The Hawaii State Board of Education‘s audit plans are beginning to take shape with a freshly inked charter document, two task forces to investigate policies and a call for a better systemwide strategic plan.
The new appointed board’s chairman, Don Horner, has made numerous though unspecific references to audits since he was tapped by the governor in March, and even established an audit committee as one of his first acts as chairman. He declined to go into detail about what the audit committee would do, telling Civil Beat in an email, “I prefer to work through the audit committee, not media.”
True to his word, he began clarifying his intentions at the audit committee’s inaugural meeting on May 17.
The audit committee passed a charter document outlining its mission and duties. Its purpose is to provide
…oversight assistance to the Department of Education’s Board of
Education (“BOE”) in fulfilling their responsibilities relating to:
B. The DOE’s compliance with legal and regulatory requirements;
C. The qualifications, independence and performance of the external auditors;
D. Monitoring the performance of the DOE’s internal audit activities; and
E. The business practices and ethical standards of the DOE.
The committee’s actual practices and procedures will “remain flexible,” the document states, but will be designed to ensure that the Department of Education fulfills all its requirements with integrity:
Risk assessment process.
Accounting and financial reporting process.
Internal and external auditing.
Other compliance programs.
The audit committee will begin by reviewing a lot of the policies and processes in place. In its first meeting, it commissioned two task forces: One to investigate Board of Education policies and another to examine state statutes.
Horner said his goal is to identify statutes that need to be amended or eliminated, and present the changes in a single omnibus bill during the next legislative session.
One interesting thing about the newly adopted charter document is that in addition to saying what the committee can do, it also establishes what it can’t do. It tells us that the audit committee will not be planning or conducting audits or determining for itself the accuracy of financial statements.
“My goal is to push further and to delegate authority,” Horner told Civil Beat. “It is only fair if we ask the superintendent to take responsibility, that we give her authority. With that authority comes an obligation to accountability and transparency.”

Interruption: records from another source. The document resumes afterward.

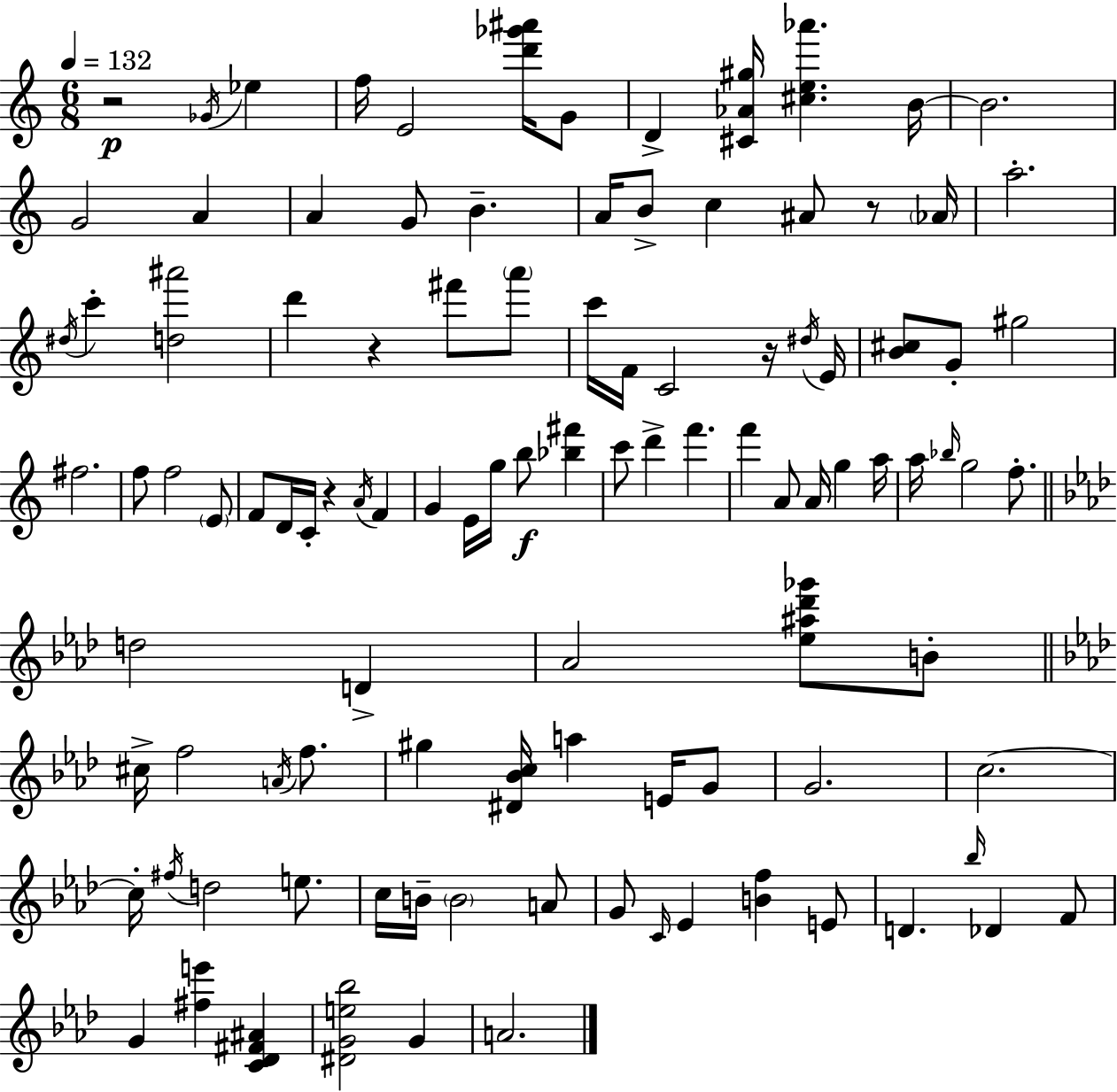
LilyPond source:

{
  \clef treble
  \numericTimeSignature
  \time 6/8
  \key a \minor
  \tempo 4 = 132
  r2\p \acciaccatura { ges'16 } ees''4 | f''16 e'2 <d''' ges''' ais'''>16 g'8 | d'4-> <cis' aes' gis''>16 <cis'' e'' aes'''>4. | b'16~~ b'2. | \break g'2 a'4 | a'4 g'8 b'4.-- | a'16 b'8-> c''4 ais'8 r8 | \parenthesize aes'16 a''2.-. | \break \acciaccatura { dis''16 } c'''4-. <d'' ais'''>2 | d'''4 r4 fis'''8 | \parenthesize a'''8 c'''16 f'16 c'2 | r16 \acciaccatura { dis''16 } e'16 <b' cis''>8 g'8-. gis''2 | \break fis''2. | f''8 f''2 | \parenthesize e'8 f'8 d'16 c'16-. r4 \acciaccatura { a'16 } | f'4 g'4 e'16 g''16 b''8\f | \break <bes'' fis'''>4 c'''8 d'''4-> f'''4. | f'''4 a'8 a'16 g''4 | a''16 a''16 \grace { bes''16 } g''2 | f''8.-. \bar "||" \break \key f \minor d''2 d'4-> | aes'2 <ees'' ais'' des''' ges'''>8 b'8-. | \bar "||" \break \key f \minor cis''16-> f''2 \acciaccatura { a'16 } f''8. | gis''4 <dis' bes' c''>16 a''4 e'16 g'8 | g'2. | c''2.~~ | \break c''16-. \acciaccatura { fis''16 } d''2 e''8. | c''16 b'16-- \parenthesize b'2 | a'8 g'8 \grace { c'16 } ees'4 <b' f''>4 | e'8 d'4. \grace { bes''16 } des'4 | \break f'8 g'4 <fis'' e'''>4 | <c' des' fis' ais'>4 <dis' g' e'' bes''>2 | g'4 a'2. | \bar "|."
}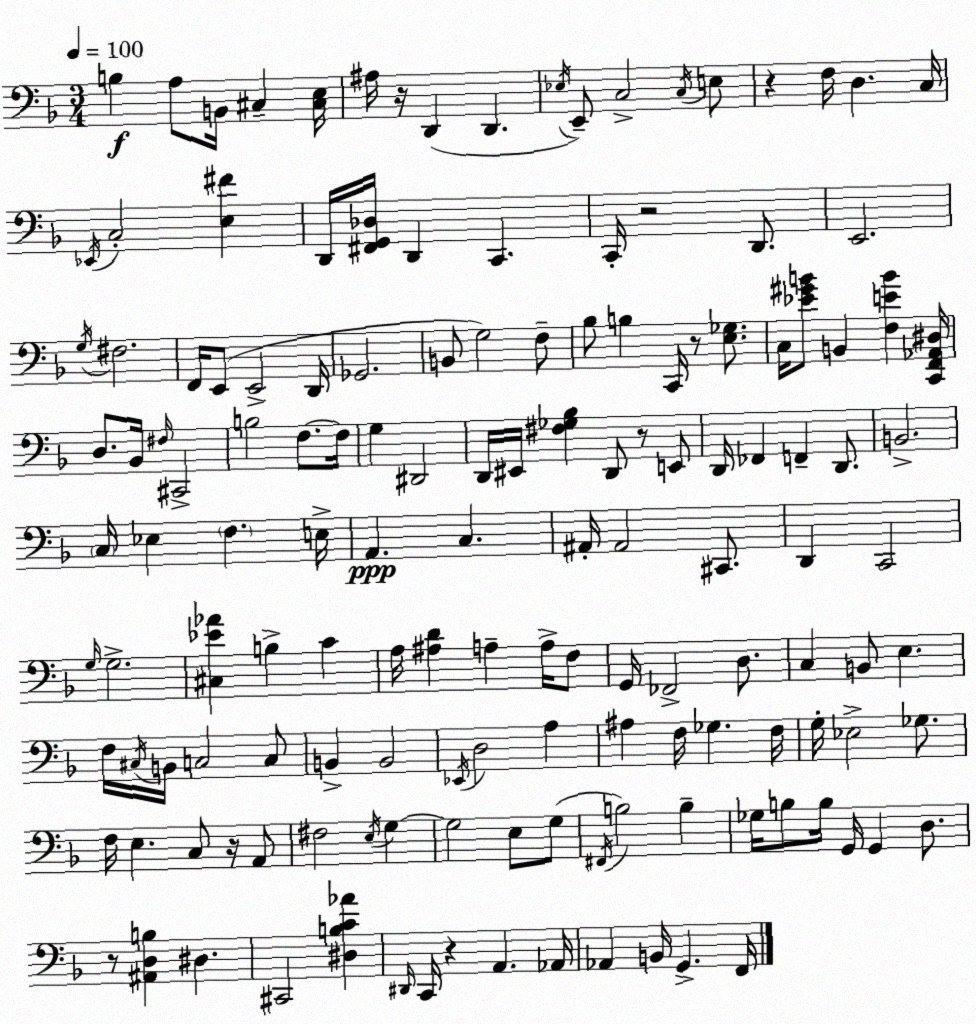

Toward that end, he said, he has asked Superintendent Kathryn Matayoshi to present a more comprehensive strategic plan for the Department of Education than the one approved earlier this year by the appointed board’s predecessors. Voters in November tossed out the elected board and replaced it with one appointed by the governor.
“In my opinion, that was not a strategic plan,” Horner said. “I said that in an open forum at the meeting that it’s a very important set of objectives, but those need to be tied to strategies and tactics. It’s one thing to set an objective three years from now, but the board is also concerned with milestones and the process gone through to achieve those objectives.”